Sagan actually just kept his tempo without closing the gap, so Di Luca was forced to try to make it up to the Katusha rider himself.

"When I saw that Sagan could not close the gap I had to go long, but by then the advantage was too much," he said.

Di Luca’s third place is his best post-ban result to date, following another fourth place on stage four. It was the day in between though, that has left the Killer with his biggest regret so far, as a crash on the mountainous stage to Prati di Tivo robbed him of what he sees as a chance of victory.

"I’ve ridden a good Tirreno but I haven’t got much from it,” he said. “I have few regrets over the stage today, and of Chieti, but the one that simply gives me a bad taste in the mouth is the stage that finished in Prati di Tivo. It was probably the stage where I was going strongest and was not just there to collect; in Prati di Tivo I had good condition and I was very determined.
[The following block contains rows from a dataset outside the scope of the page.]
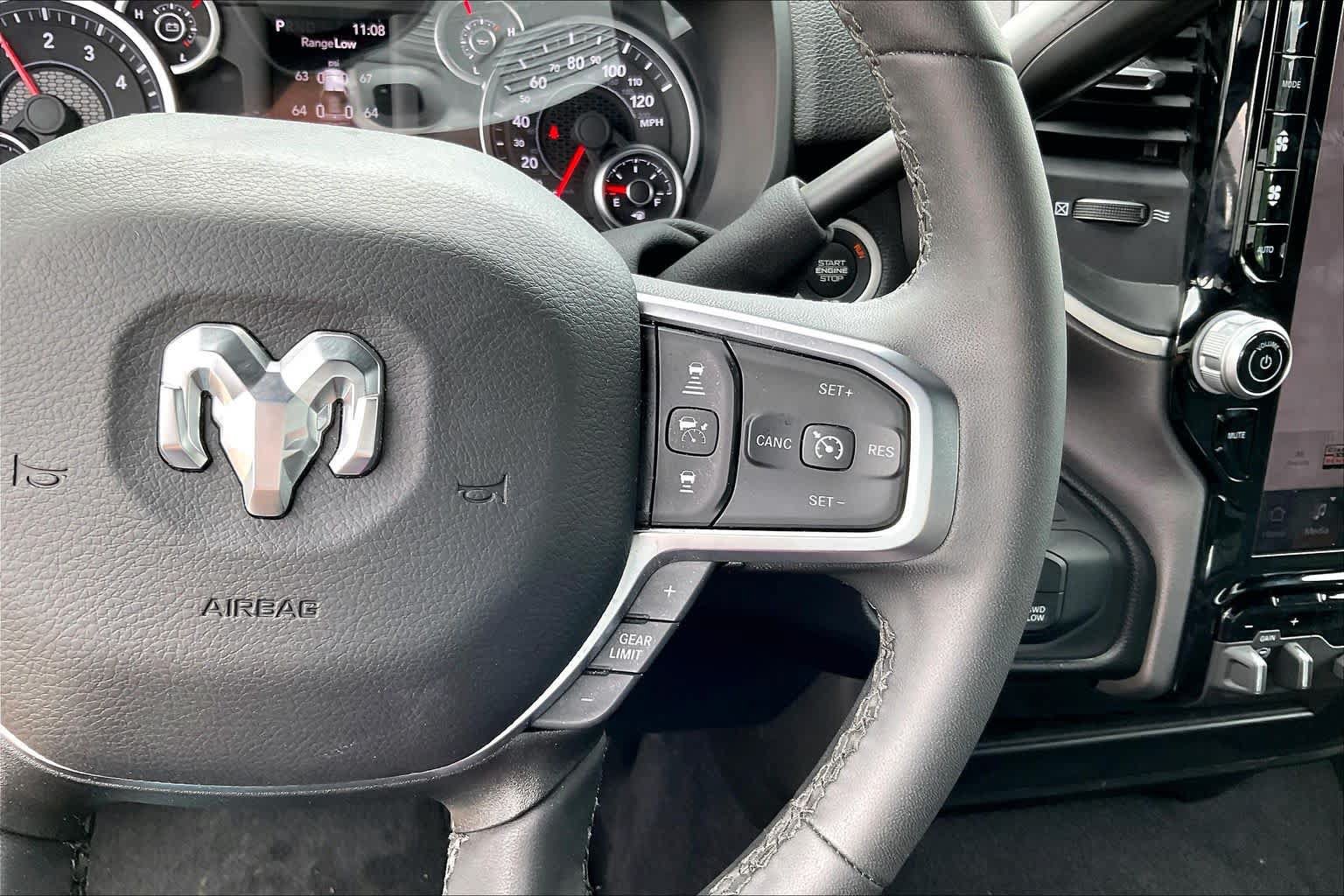 Certified 2025 RAM 2500 Big Horn AWD/4WD image 24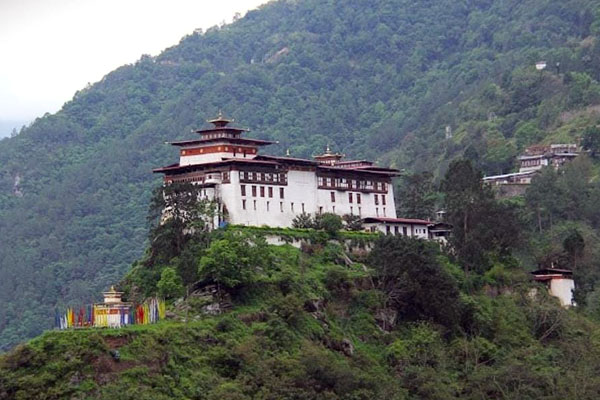 Lhuentse Dzong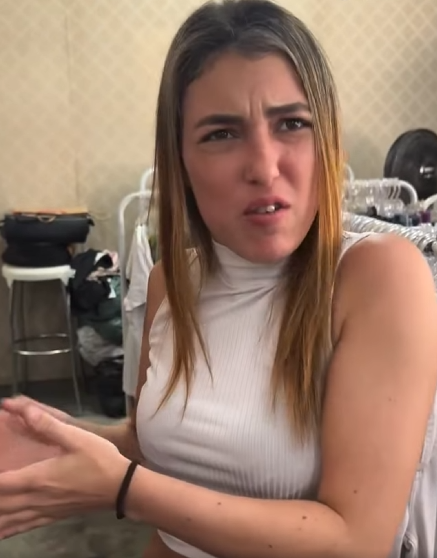 D0100011Ele tratou sua namor part2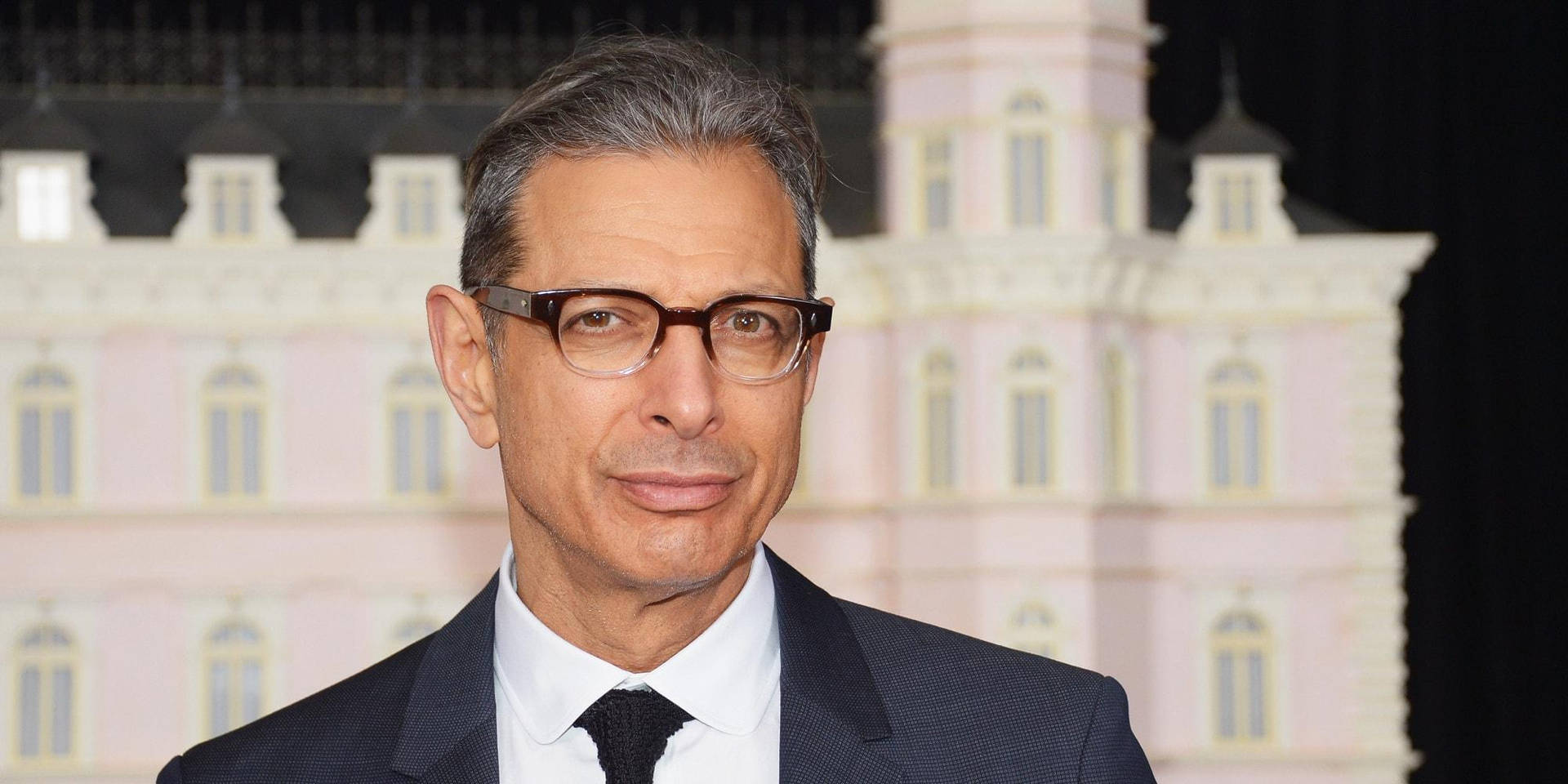 Jeff Goldblum Eyewear Icon Tapet: Tag dig selv iført Jeff Goldblums brillestil Wallpaper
A fall just in front of me during the final descent has caused a "hole" from the head of the race that meant that I started the climb with a minute and a half’s delay from the leaders.

“I rode final climb very strongly, but I'd lost a fantastic opportunity to win the stage,” he added.

Nibali won that stage and Di Luca finished 1’15” behind him in 15th place, which is the exact amount that he trails the Sicilian by heading into the final day’s time trial. With both Roman Kreuziger (Astana) and race leader Chris Horner (RadioShack-Nissan) ahead of Nibali though - despite a possible stage victory missed - Di Luca admits that overall victory would have been beyond him.

“In all probability I would not have won the Tirreno, because there are other riders that are stronger against the clock than me,” he said, “but [if I’d have won stage five] it would be a different Tirreno-Adriatico for me."